START Data for this exercise

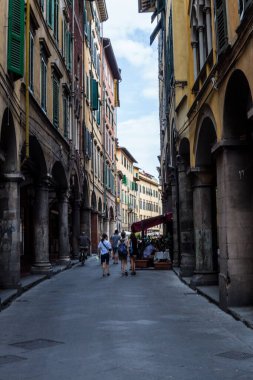 Pisa, İtalya - 9 Temmuz 2017: Pisa Eski Kasabası 'nda Geleneksel Eski Binalarla Turist ve Dar Sokak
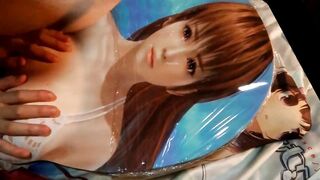 DOAX霞等身大おっぱいマウスパッドにキス&パイズリ&顔射大量ぶっかけ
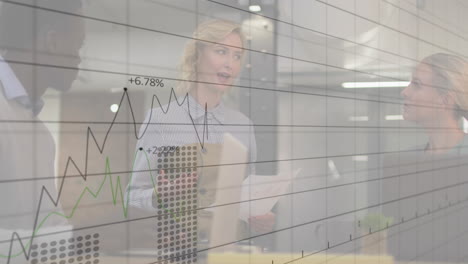 animación del procesamiento de datos y diagramas sobre diversos colegas discutiendo el trabajo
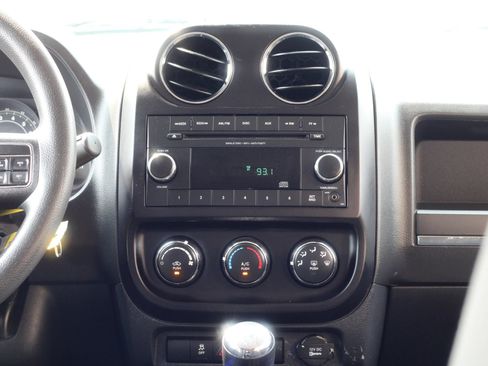 Used 2014 Jeep Patriot Sport w/ Power Value Group FWD image 15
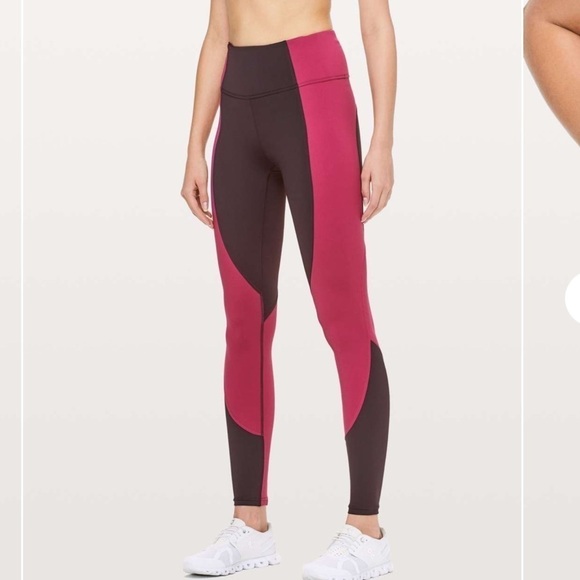 Lululemon Wake & Train 22” Crop Tight Black Satin Star Ruby - Picture 1 of 12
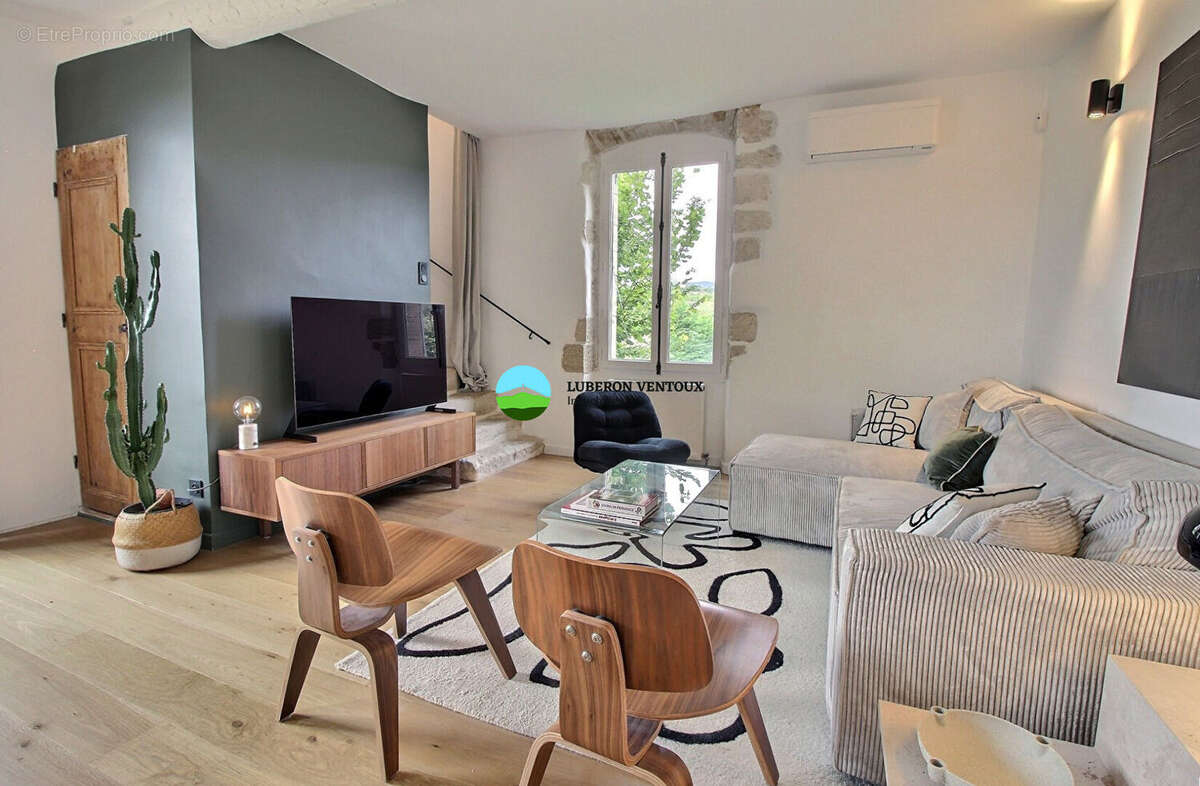 Maison à SAINT-PIERRE-DE-VASSOLS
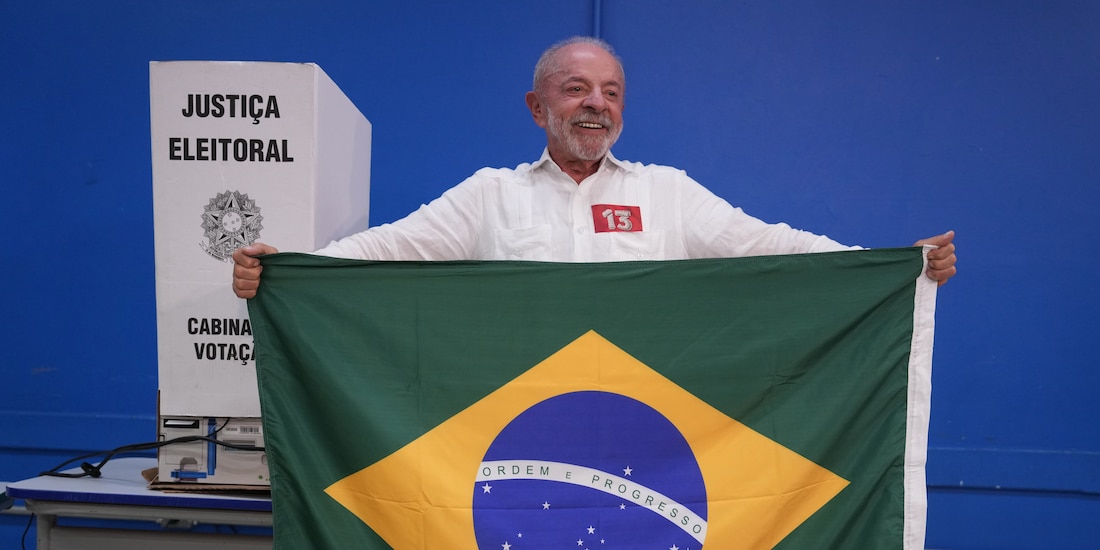 Luiz Inácio Lula da Silva, durante su acto de votación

END Data for this exercise

• _Task prompt_
The copy you write must hold every record verbatim and none of the pictures.

• _Output of the task_
 Pisa, İtalya - 9 Temmuz 2017: Pisa Eski Kasabası 'nda Geleneksel Eski Binalarla Turist ve Dar Sokak
 DOAX霞等身大おっぱいマウスパッドにキス&パイズリ&顔射大量ぶっかけ
 animación del procesamiento de datos y diagramas sobre diversos colegas discutiendo el trabajo
 Used 2014 Jeep Patriot Sport w/ Power Value Group FWD image 15
 Lululemon Wake & Train 22” Crop Tight Black Satin Star Ruby - Picture 1 of 12
 Maison à SAINT-PIERRE-DE-VASSOLS
 Luiz Inácio Lula da Silva, durante su acto de votación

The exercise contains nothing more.